#### [What the task requires]
Beginning at the first line of the material, output each line exactly until you reach and include the line containing "On day three, there". Leave every picture out.
━━━━━━━━
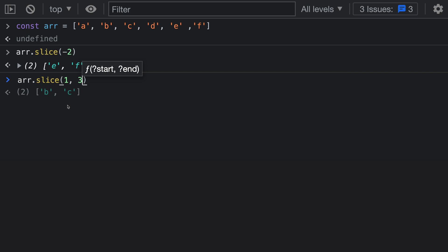However, we can also use a negative index to specify where the slice should stop. If we wanted to remove the last element — or make the slice stop before the last element — all we have to do is pass in negative 1 as the second argument. For the first argument, the slice starts at index 1, counting forward by 1. For the second argument, we pass in a negative number, which means we count from the end of the array backwards — in this case, going backwards by 1.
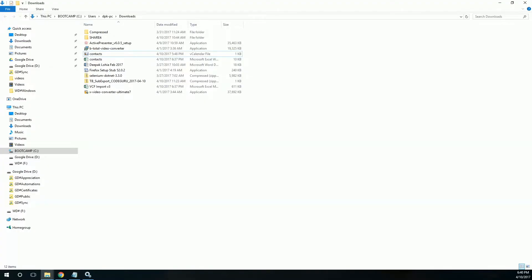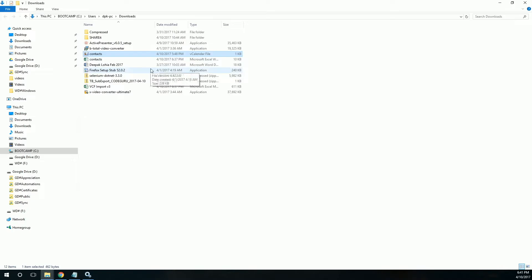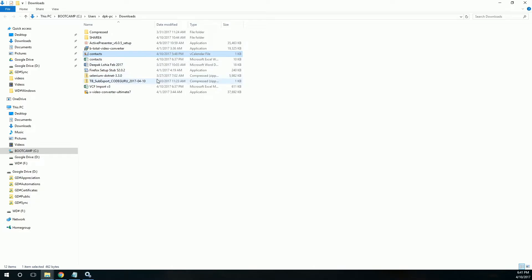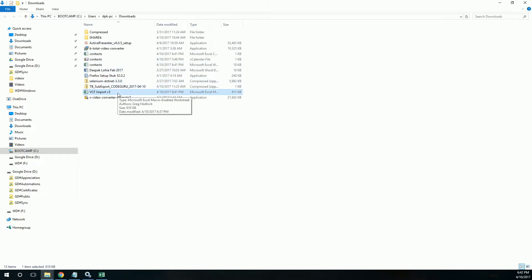Hello everyone, today I'll tell you how you can export a VCF file, which is a contact file, to Excel. I'll be sharing an automation which is actually not created by me and I am not editing any code in that. So let's get started, and I will be giving you the download link in the description.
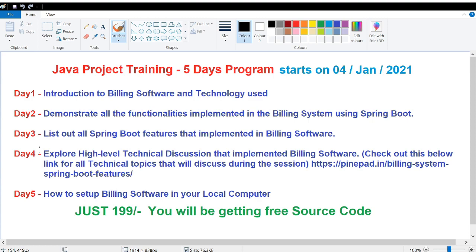On day three, there are many Spring Boot features I have implemented as part of the billing system. I'm going to explain why I implemented each feature and what its purpose is within the billing system.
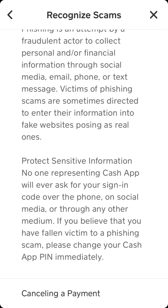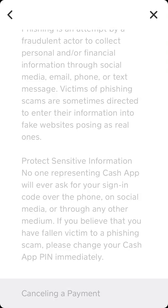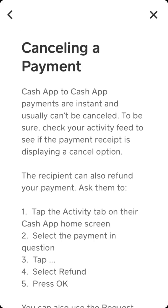Hello everyone. Can you cancel a payment in the Cash App? I just found this tip in their help center. What they say here is that Cash App to Cash App payments are instant and cannot be cancelled.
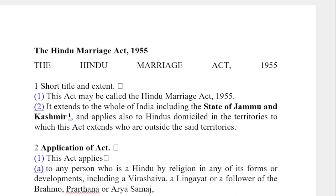Hello everyone, welcome to Law Learning School. In this video, we will talk about Section 1 and 2 of the Hindu Marriage Act 1955.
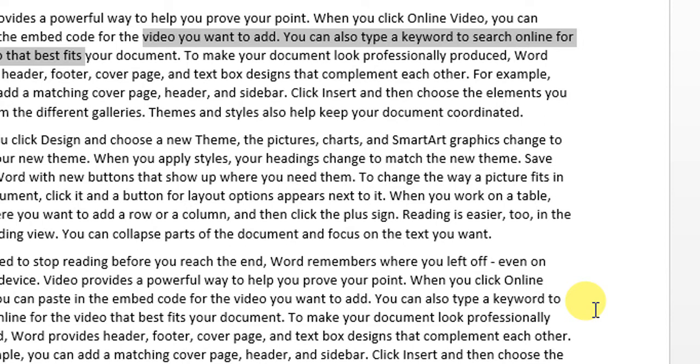So it was that simple. This is how you can remove the border of Microsoft Word document.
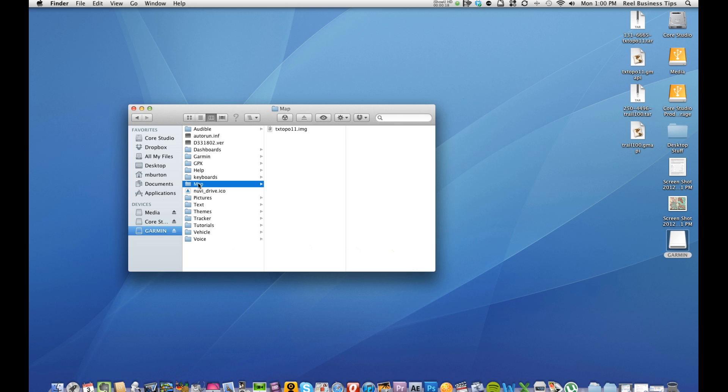Now if you're looking to delete the map that came with your unit, they won't let you. This folder actually was added once we added this topographical map here, but as you can see it's in an IMG format. These are the maps that you're looking for.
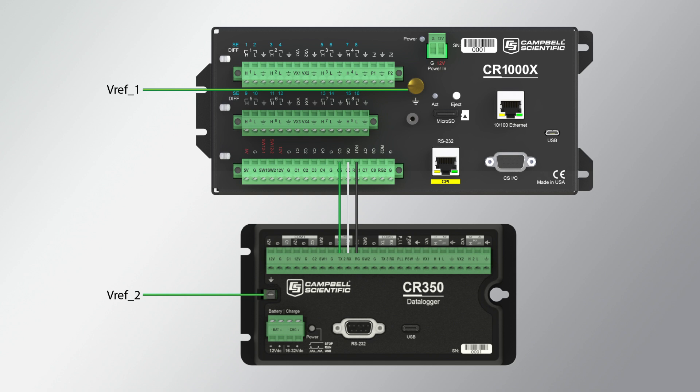If the black wire were connected to a G channel on each data logger, the ground lugs would be connected to two different grounding rods and a ground loop would be created.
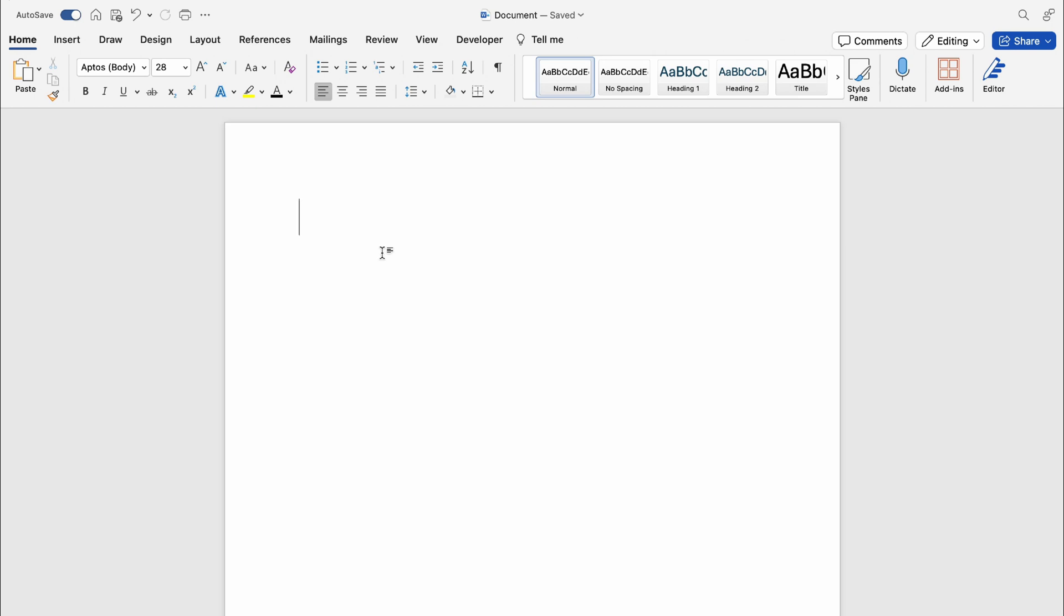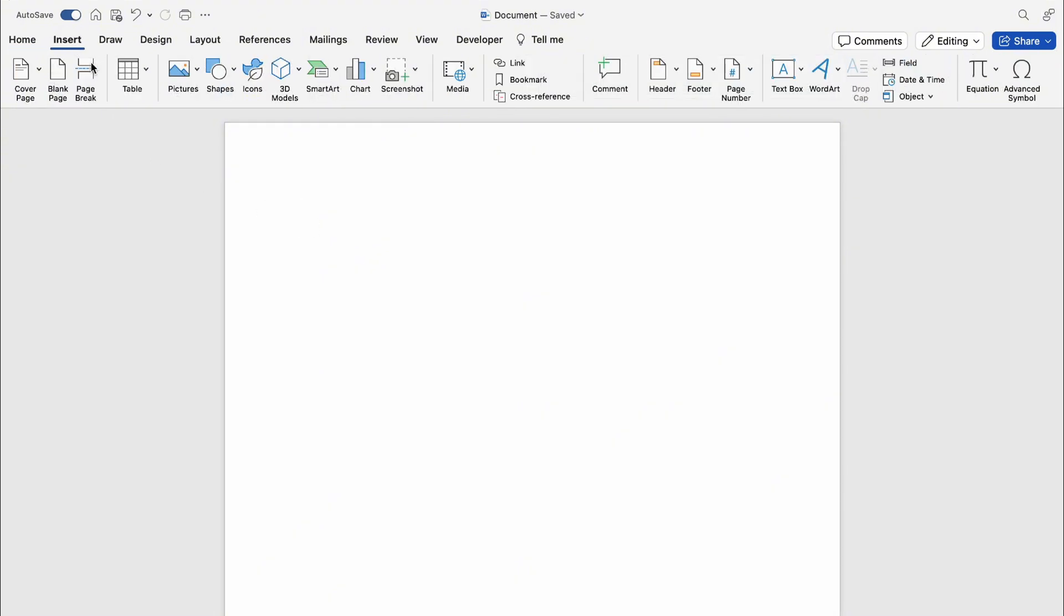I'm going to show you how to insert an up arrow in Microsoft Word on your Mac. There are actually three different ways to do this, so let's get into it. First, come up to Insert here.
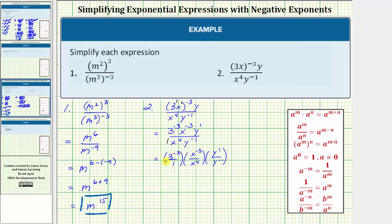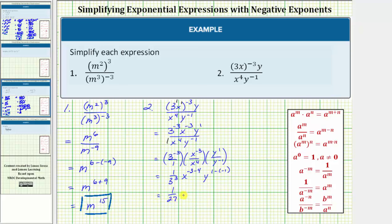Now we simplify each part. Three raised to the power of negative three equals one over three raised to the power of positive three, using the negative exponent property: a to the negative m equals one over a to the positive m. For the x quotient, since the bases are the same we subtract exponents: x to the negative three divided by x to the fourth equals x to the power of negative three minus four. Then y to the first divided by y to the negative one equals y to the power of one minus negative one, which is one plus one, or two. So we have one over twenty-seven, times x to the negative seven, times y squared.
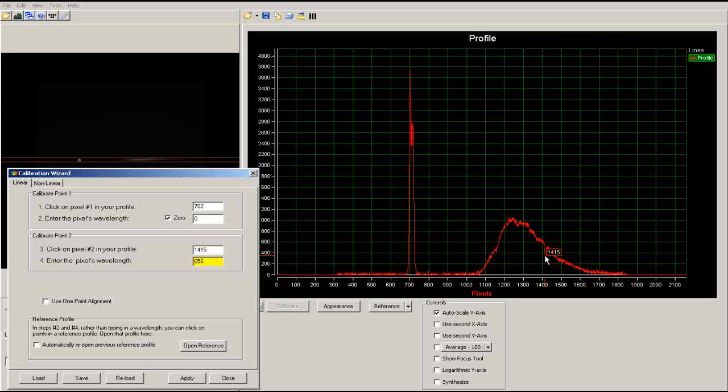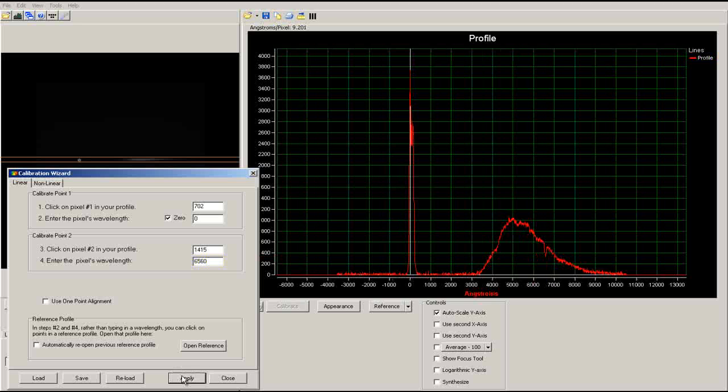Remember that our spec measures wavelength in angstroms, not nanometers, so your wavelength should be multiplied by a factor of 10. Finally, click apply at the bottom of the calibration menu to calibrate your spectrum.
━━━━━━━━
#### [Answer to this exercise]
However, we can also use a negative index to specify where the slice should stop. If we wanted to remove the last element — or make the slice stop before the last element — all we have to do is pass in negative 1 as the second argument. For the first argument, the slice starts at index 1, counting forward by 1. For the second argument, we pass in a negative number, which means we count from the end of the array backwards — in this case, going backwards by 1.
Hello everyone, today I'll tell you how you can export a VCF file, which is a contact file, to Excel. I'll be sharing an automation which is actually not created by me and I am not editing any code in that. So let's get started, and I will be giving you the download link in the description.
On day three, there are many Spring Boot features I have implemented as part of the billing system. I'm going to explain why I implemented each feature and what its purpose is within the billing system.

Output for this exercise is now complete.